Unfortunately for SADC, that legacy may be approaching its end. In 2008 the SADC Human Rights Tribunal ruled against Zimbabwe on the infamous land seizure policy the government put into place in 2000. The ruling set up a showdown between the Tribunal and Robert Mugabe, who refused to recognize the legitimacy of the decision.  Rather than support the legal judgment of the tribunal and the importance of upholding human rights in the region, the 14 member governments suspended the tribunal in 2010 and recently rewrote the admissibility procedures to prohibit individuals from filing complaints with the tribunal, limiting it to state complaints only.

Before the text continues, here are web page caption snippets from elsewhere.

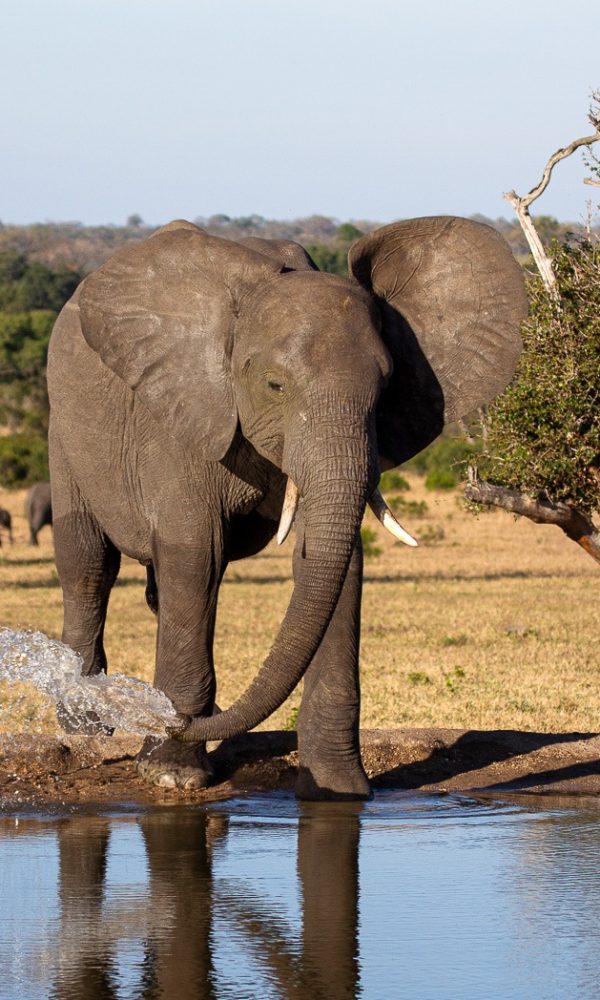 How Do Elephants Find Water Underground?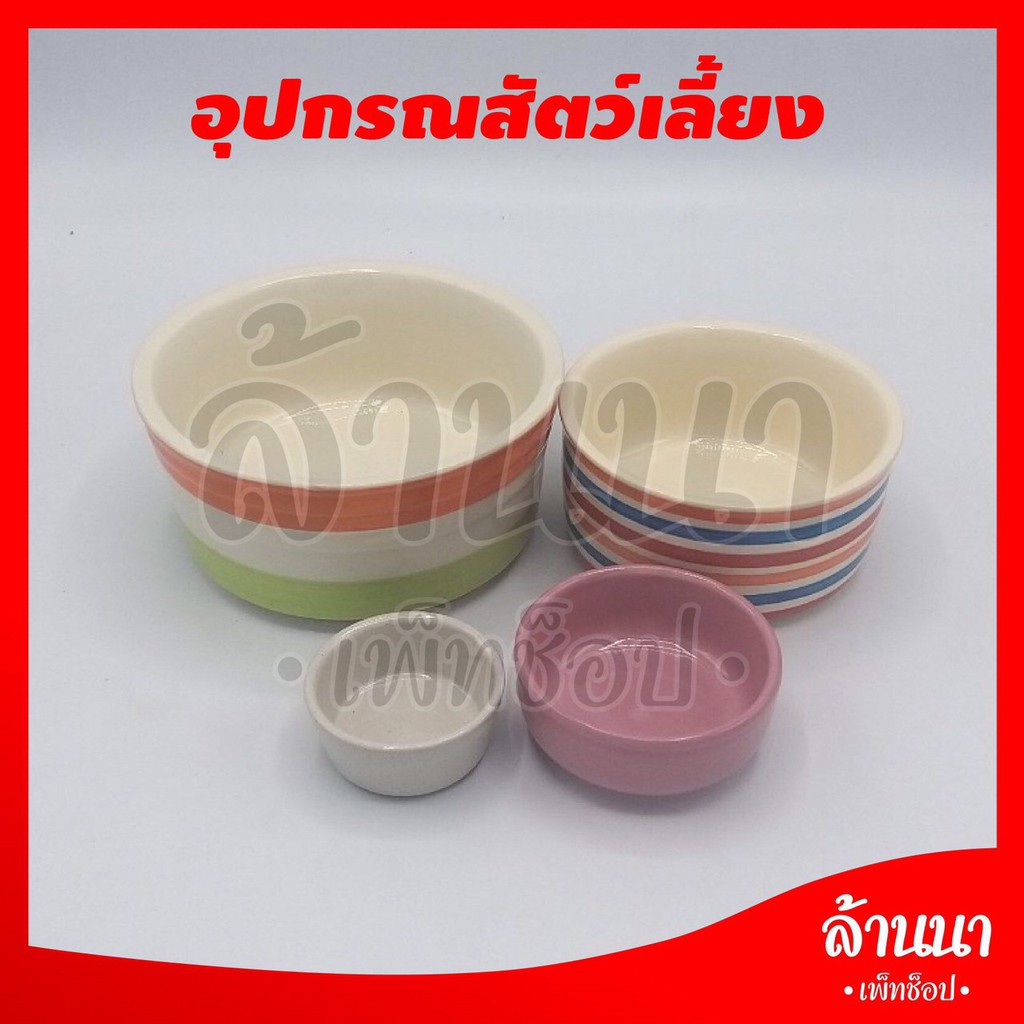 ถ้วยเซรามิกคละสี สำหรับใส่นม น้ำและอาหารสัตว์เล็ก ชูการ์ ถ้วยใหญ่ 2 หลุม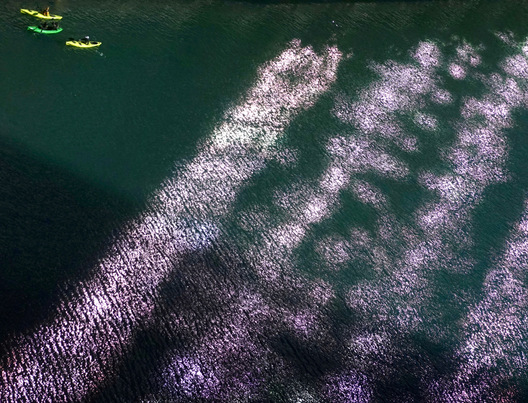 River Reflection - Chicago, Illinois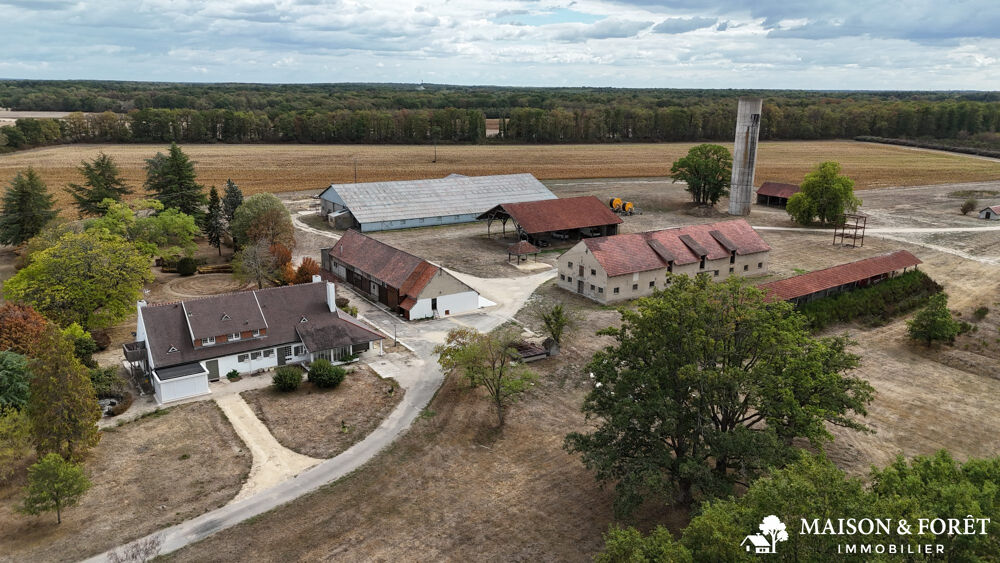 Vente Maison PROPRIÉTÉ DE CHASSE de 282 ha Gien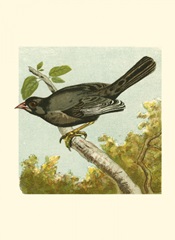 Mini Vintage Birds IV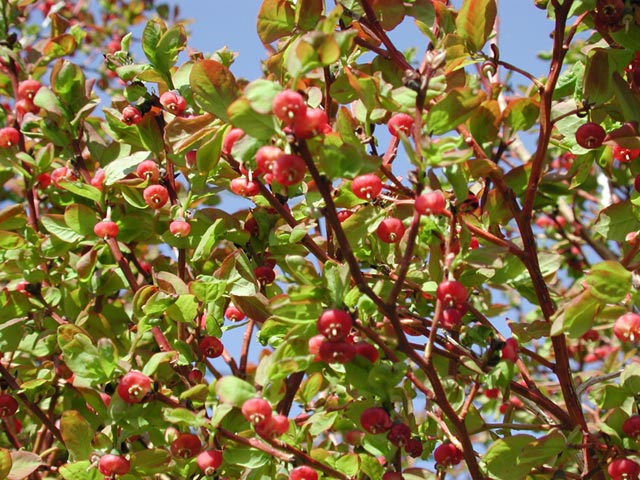 Blueberry Blossoms (97650 bytes)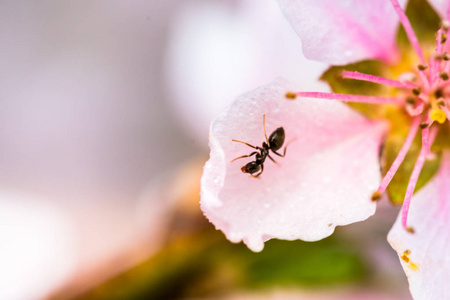 一个美丽的盛开的树在春天的细节。漂亮的粉红色的花朵, 小雨滴和小蚂蚁。带浅景深的宏镜头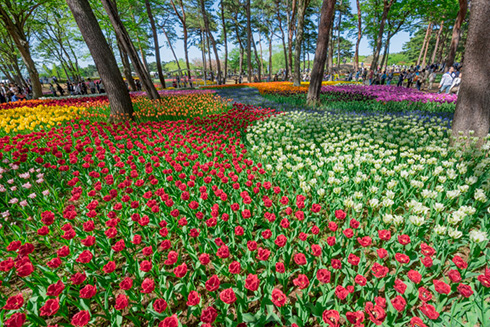 国営ひたち海浜公園ネモフィラ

Several key figures in the region spoke out against these developments, to no avail. But it looks like the issue may be getting new life as the African Commission on Human and Peoples Rights ruled a complaint by Luke Tembani and Ben Freeth against all 14 SADC member states admissible on the basis that the suspension of the tribunal violates the African Charter on Human Rights and the rule of law.

Tembani and Freeth are no strangers to the intricacies of human rights litigation. Tembani became one of the first black commercial farmers following the Zimbabwe civil war in 1980 while Freeth came to prominence as a farmer activist along with his father-in-law Mike Campbell. Both families were evicted from their commercial farms as part of Mugabe’s land reform program and both filed cases in the national Zimbabwean courts and finally the SADC tribunal where they won. In many ways, they have become the faces of the fight against the farm seizures and the political violence and corruption it has come to represent, especially following the death of Campbell who succumbed to health issues after being abducted and tortured by militias associated with Mugabe’s ZANU-PF party in the 2008 post-election violence. By bringing a complaint against all SADC governments, the case makes the struggle of everyday Zimbabweans a regional issue and demands better action by SADC than capitulating to one leader’s demands.

If the African Commission rules in the favor of the complainants, it could be a landmark decision for the entire continent. But with new presidential elections expected in 2013, the decision to hear the issue could add fuel to what is already looking like a volatile political fire. The issue here in not just the controversial land reform process that Zimbabwe adopted, but ability of citizens to hold their governments accountable for violating their basic rights, even when the national courts fail to do so. Enshrining this ability enforces human rights and the rule of law, but is also critical for economic development. As Africa continues to come out from behind the economic shadows, it is cases like this that will define the path of the continent and help decide what kind of standards future governments will have.